Records from a data collection:
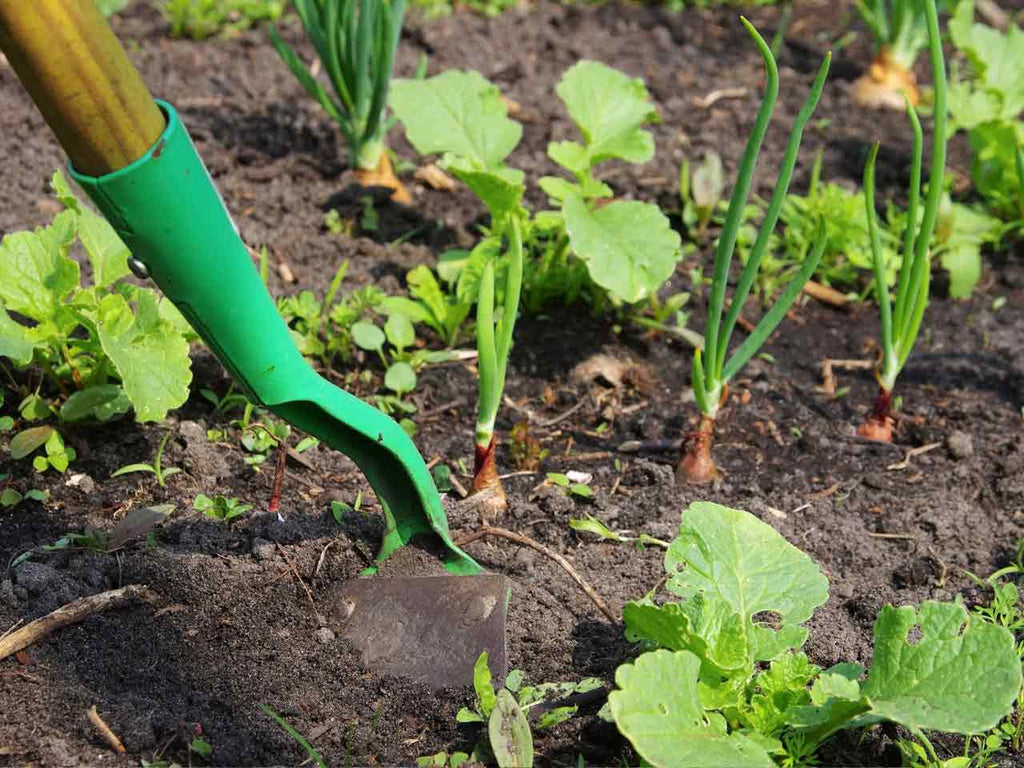 GARDEN TIPS FOR EARLY APRIL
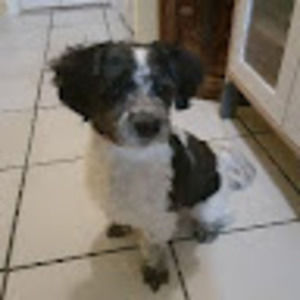 Meet your Posher, Diego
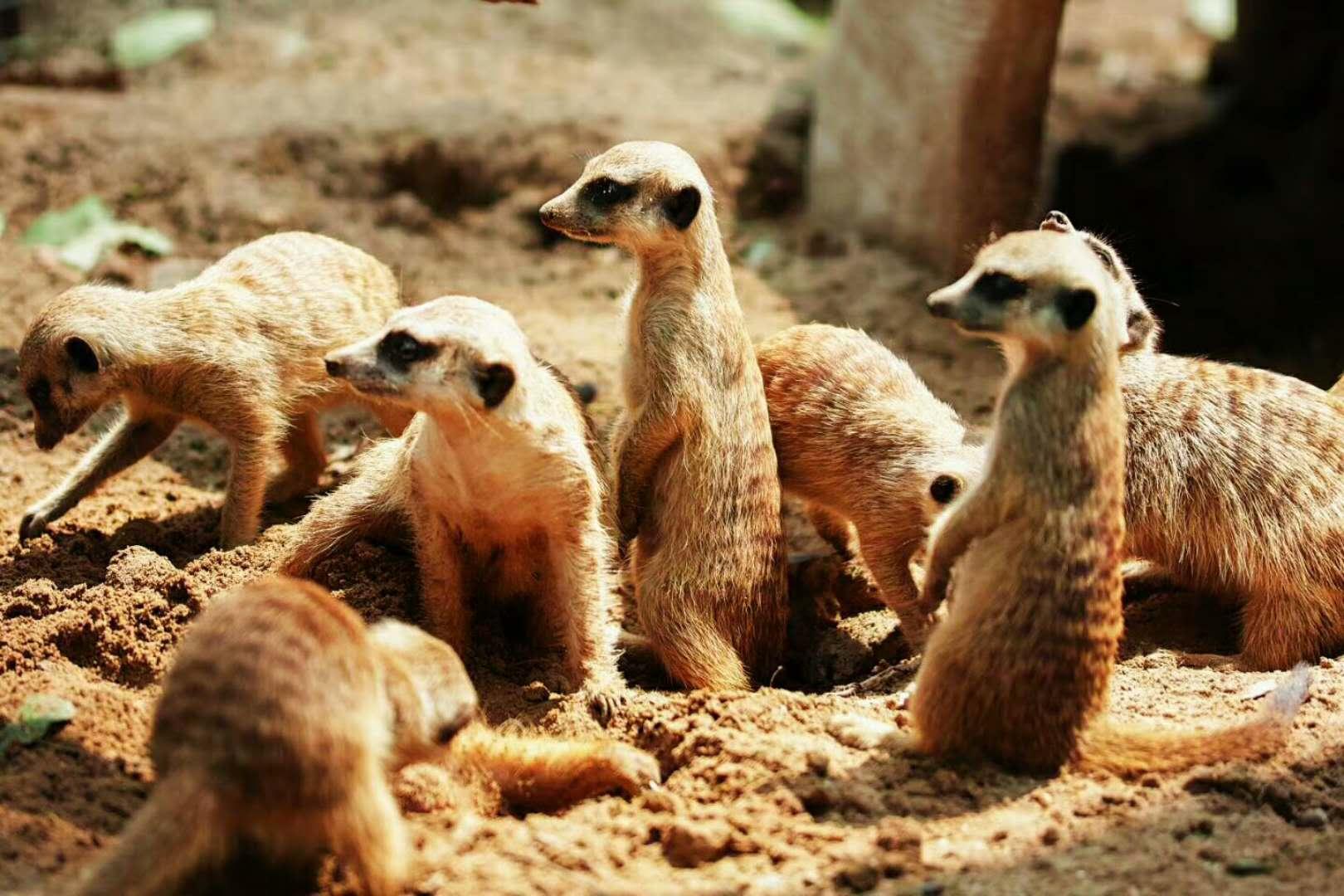 哪款微单或者卡片机能提升这些画面的质量?附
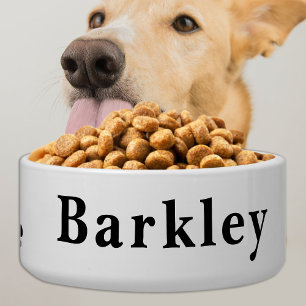Écuelle Chien de compagnie classique Alimentation personna
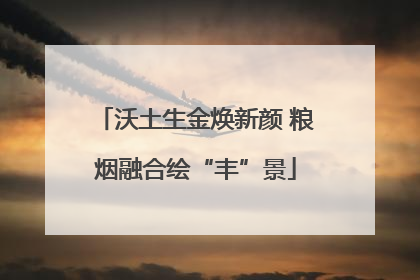 沃土生金焕新颜 粮烟融合绘“丰”景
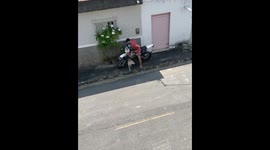 Dog Takes a Ride on Owner's Motorcycle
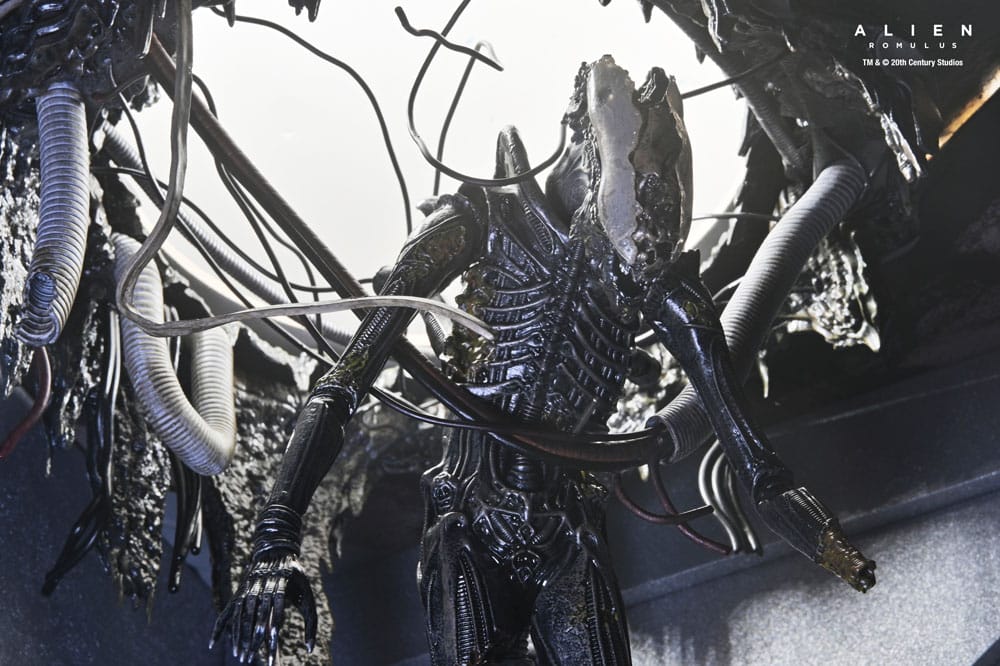 Alien: Romulus figurine Deluxe Suspended Lab Xenomorph XX121 18 cm
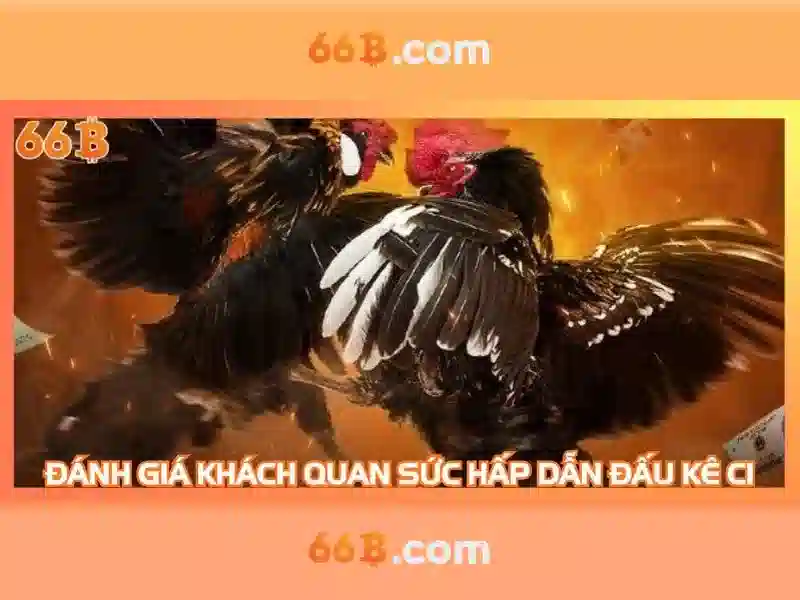 66B: mô hình ngôn ngữ lớn cho thế hệ AI tiếp theo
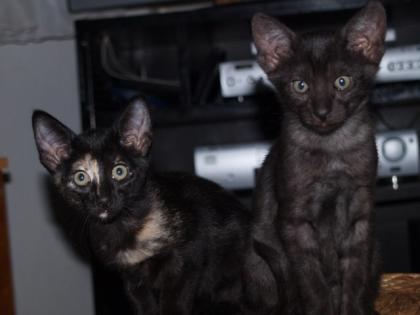 OKH Kitten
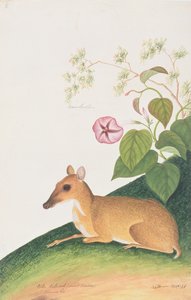 Ciervo Ratón Menor, de Dibujos de Animales, Insectos y Reptiles de Malaca, c.1805-18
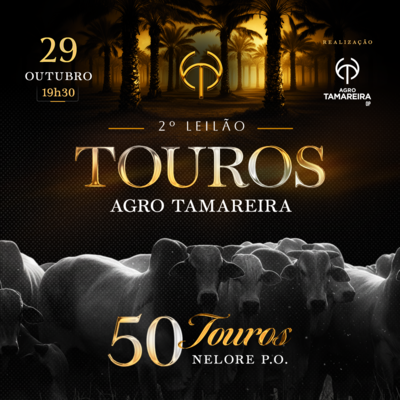 2º LEILÃO DE TOUROS AGRO TAMAREIRA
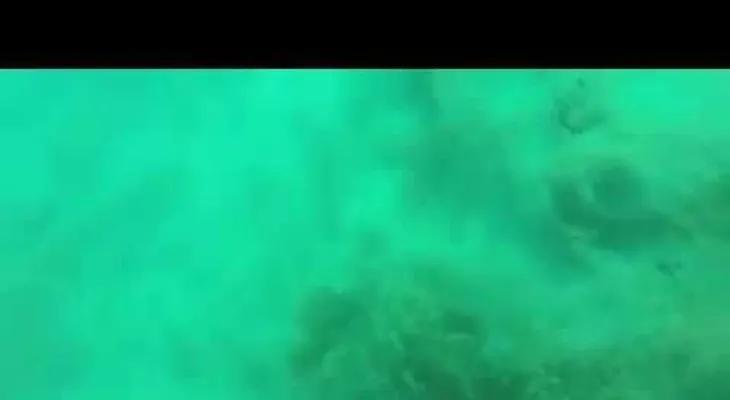 Un grupo de buzos fue sorprendido por un terremoto en el fondo del mar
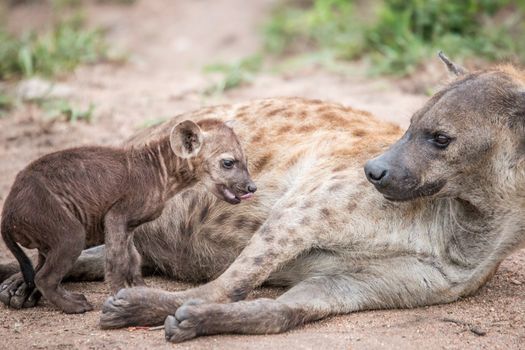 Baby Spotted hyena with his mother.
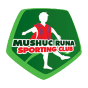 Logo do time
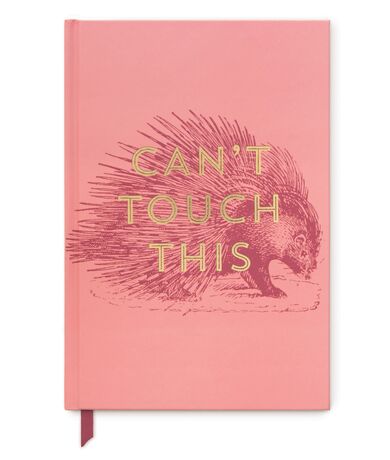 CİLTLİ GÜNLÜK 21,6x14,61 cm. - VINTAGE SASS HARDCOVER JOURNAL CAN'T TOUCH THIS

#### [DIRECTIONS FOR THIS TASK]
Although pictures appear among the records above, none are to be output; print exactly the lines from the line containing "哪款微单或者卡片机能提升这些画面的质量?附" through the line containing "Logo do time".

#### [ANSWER TO THIS EXERCISE]
 哪款微单或者卡片机能提升这些画面的质量?附
Écuelle Chien de compagnie classique Alimentation personna
 沃土生金焕新颜 粮烟融合绘“丰”景
 Dog Takes a Ride on Owner's Motorcycle
 Alien: Romulus figurine Deluxe Suspended Lab Xenomorph XX121 18 cm
 66B: mô hình ngôn ngữ lớn cho thế hệ AI tiếp theo
 OKH Kitten
 Ciervo Ratón Menor, de Dibujos de Animales, Insectos y Reptiles de Malaca, c.1805-18
 2º LEILÃO DE TOUROS AGRO TAMAREIRA
 Un grupo de buzos fue sorprendido por un terremoto en el fondo del mar
 Baby Spotted hyena with his mother.
 Logo do time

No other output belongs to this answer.